I have a key file which has 1 column that I join on and another (userName) that I need, and I need all the columns of the other files.
I create a different reader for each parquet file which reads the file and converts it into a spark dataset with a structure like this:
GenericStructure1 record;
int id;
I then join all of these created datasets like this (imagine all 19):
keyDataset.join(dataSet1, dataSet1.col("id").equalTo(keyDataset.col("id")), "left_outer")
.join(dataSet19, dataSet19.col("id").equalTo(keyDataset.col("id")), "left_outer")
.groupBy(keyDataset.col("id"), keyDataset.col("userName"))
.agg(
collect_set(dataSet1.col("record")).as("set1"),
collect_set(dataSet19.col("record")).as("set19")
.select(
keyDataset.col("id"),
keyDataset.col("userName"),
col("set1"),
col("set19")
)
.as(Encoders.bean(Set.class));
where Set.class looks something like this:
public class Set implements Serializable {
long id;
String userName;
List<GenericStructure1> set1;
List<GenericStructure19> set19;
}
This works fine for 100 records, but when I try to ramp up to one part of a 5mm parquet file (something like 75K records), it churns and burns through memory until ultimately it runs out.

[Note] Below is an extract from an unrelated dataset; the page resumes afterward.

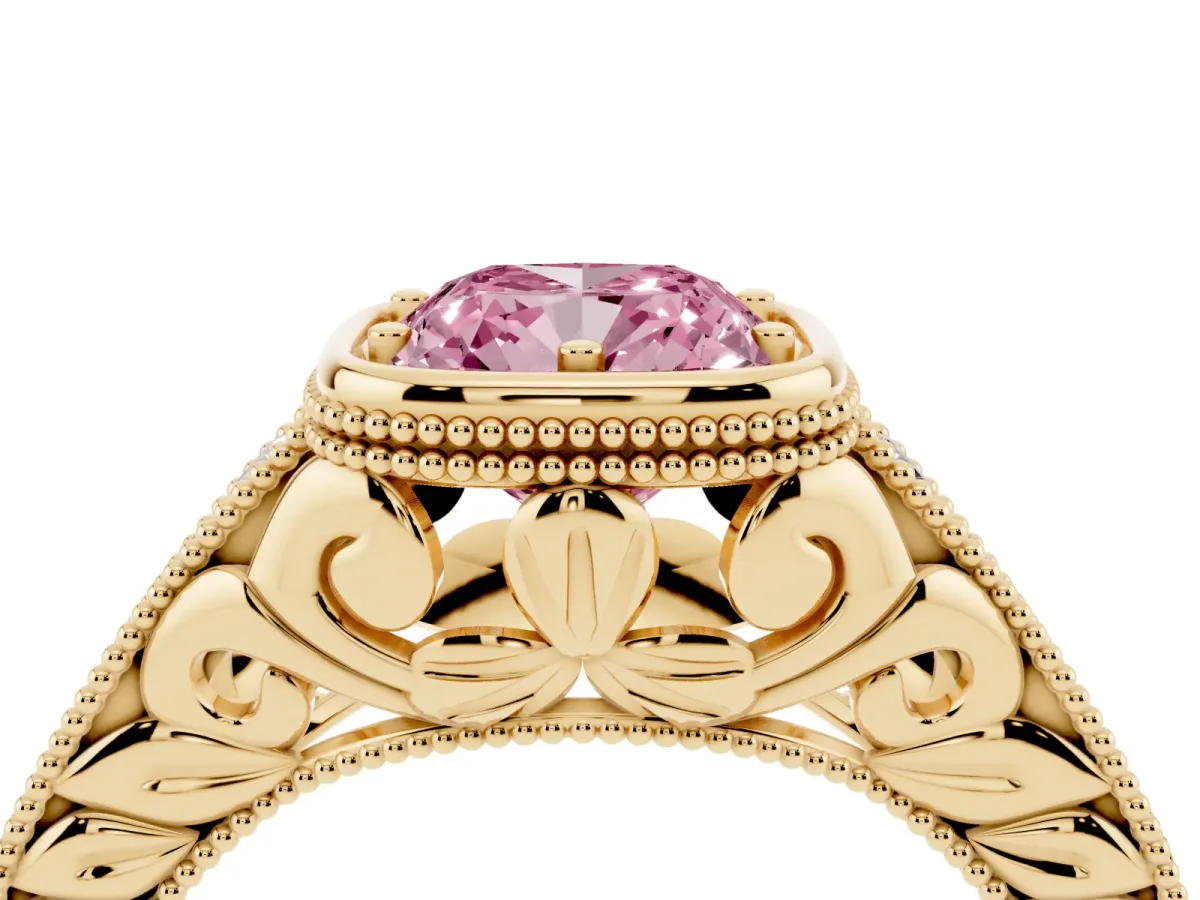 Fancy Pink Bezel Set Cushion Cut Diamond Milgrain Pave Engagement Ring Yellow gold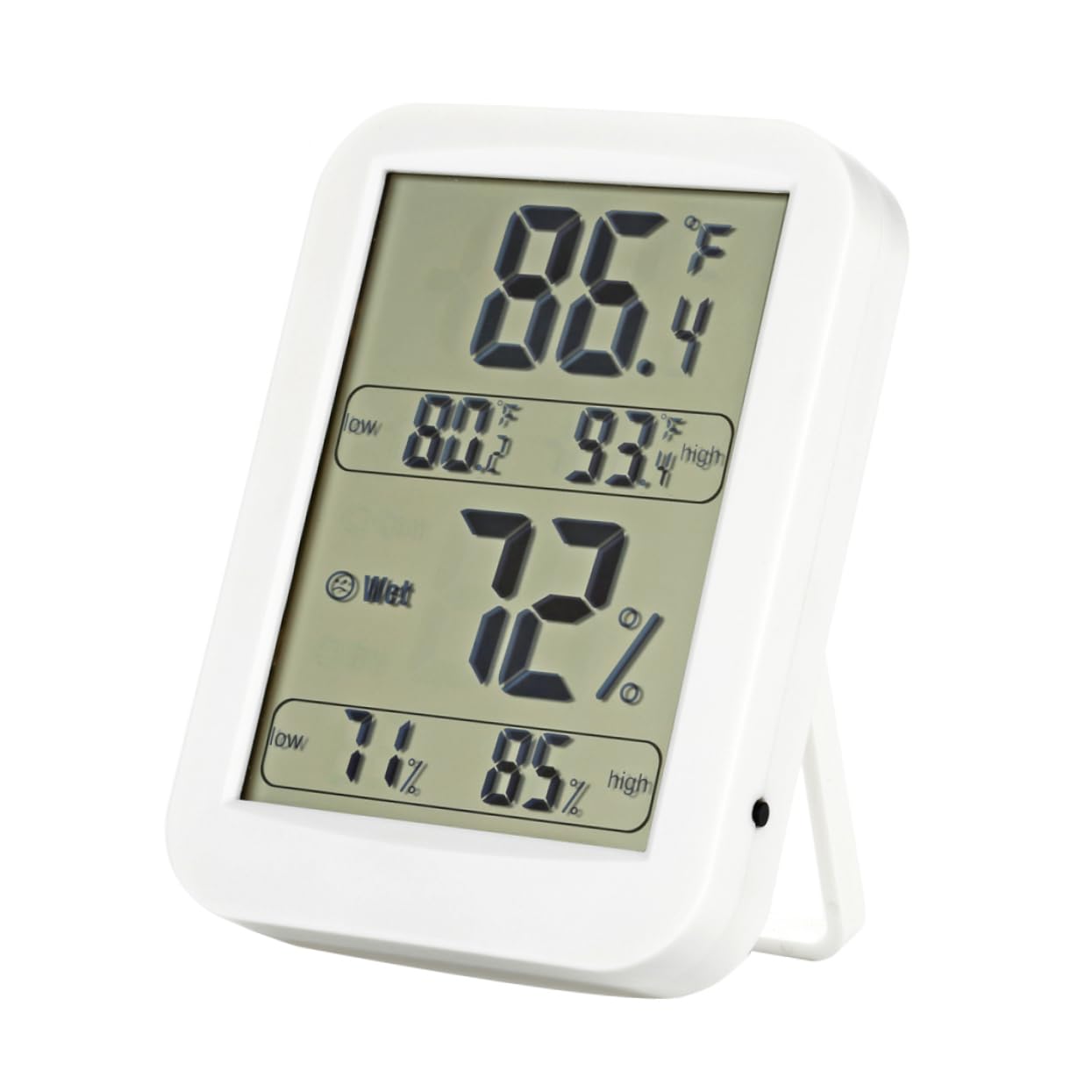 Termometro Ambiente Interno Esterno Digitale Display Lcd Grande | Igrometro Digitale Bianco in Abs, Intervallo Temperatura 10 a 70 °c, Alimentazione 1 Batteria Aaa Non Inclusa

In production I need for this to be able to run on millions, so the fact that it chokes on 75K is a real problem. The only thing is, I don't see a straightforward way to optimize this so it can handle that kind of workload. Does anybody know of an inexpensive way to join a large amount of data like shown above?
Upvotes: 2
Views: 254
Reputation: 119
I was able to get it to work. In the question, I mention a keyDataset, which has all of the keys possible in all of the different datasets. Instead of trying to join that against all of the other files right out of the gate, I instead broadcast the keyDataset and join against that after creating a generic dataframe for each dataset.

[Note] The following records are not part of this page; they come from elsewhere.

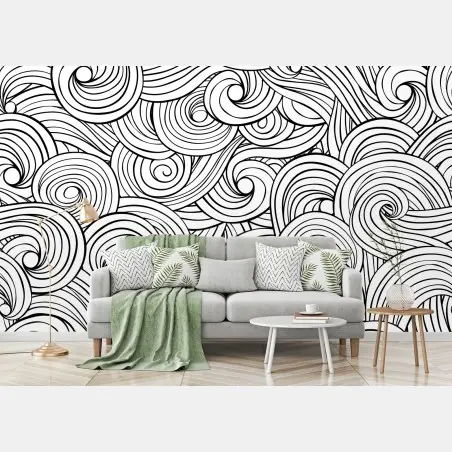 Papier peint motif tourbillonnant abstrait en noir et blanc – Wallnifity®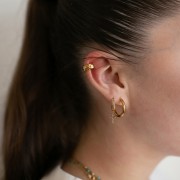 Ear cuff - Bague d'oreille large effet ondulé 12 mm - Gold-plated 304 stainless steel x1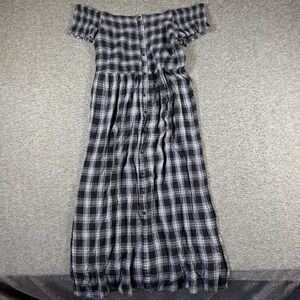 City Chic Off Shoulder Plaid Smocked Bodice Dress Womens Large Button Front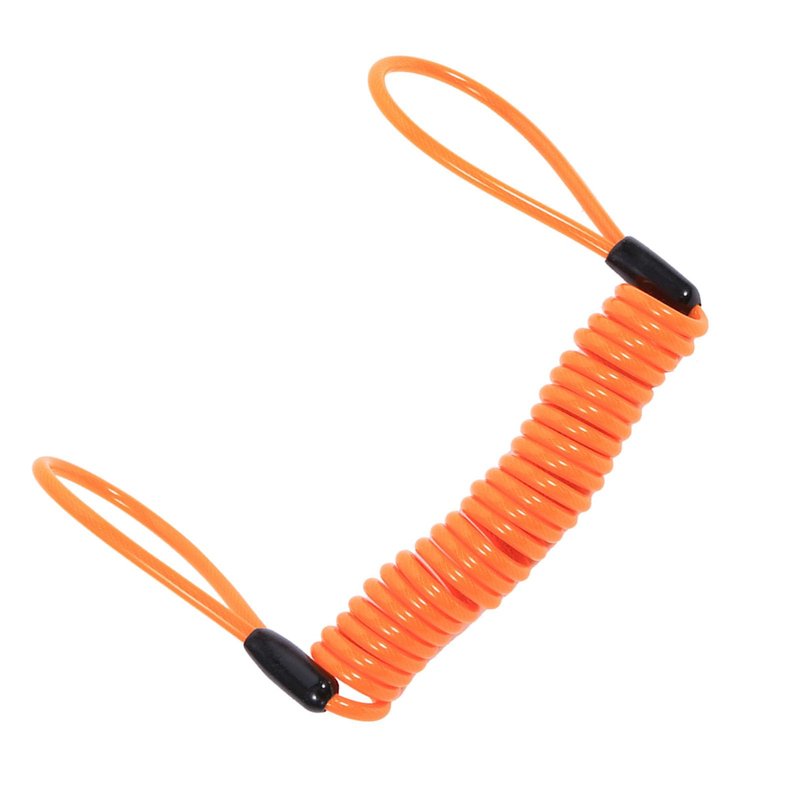 Luatoxry Brake Cable Lock, 1.25m Cable Spring Plastic Lock, Steel Motorcycle Reminder Rope, Multipurpose Motorcycle Cable Locks with 2Pcs 3.94in Looped Ends for Scooters, Orange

Dataset<Row> set1RowDataset = set1Dataset
.groupBy(keyDataset.col(joinColumn))
.agg(collect_set(set1Dataset.col("record")).as("set1s"))
.select(
keyDataset.col("id"),
col("set1"));
Once I create 19 of those, I then join the generic datasets in their own join like so:
broadcast(set1RowDataset)
.join(set2RowDataset, "id")
.join(set3RowDataset, "id")
.join(set4RowDataset, "id")
.join(set19RowDataset, "id")
.as(Encoders.bean(Set.class));
Performance-wise, I'm not sure how much of a hit I'm taking by doing the groupBy separately from the join, but my memory remains intact and Spark no longer spills so badly to disk during the shuffle. I was able to run this on one part locally which was failing before as I mentioned above. I haven't tried it yet on the cluster with the full parquet file, but that's my next step.
I used this as my example: Broadcast Example
Upvotes: 2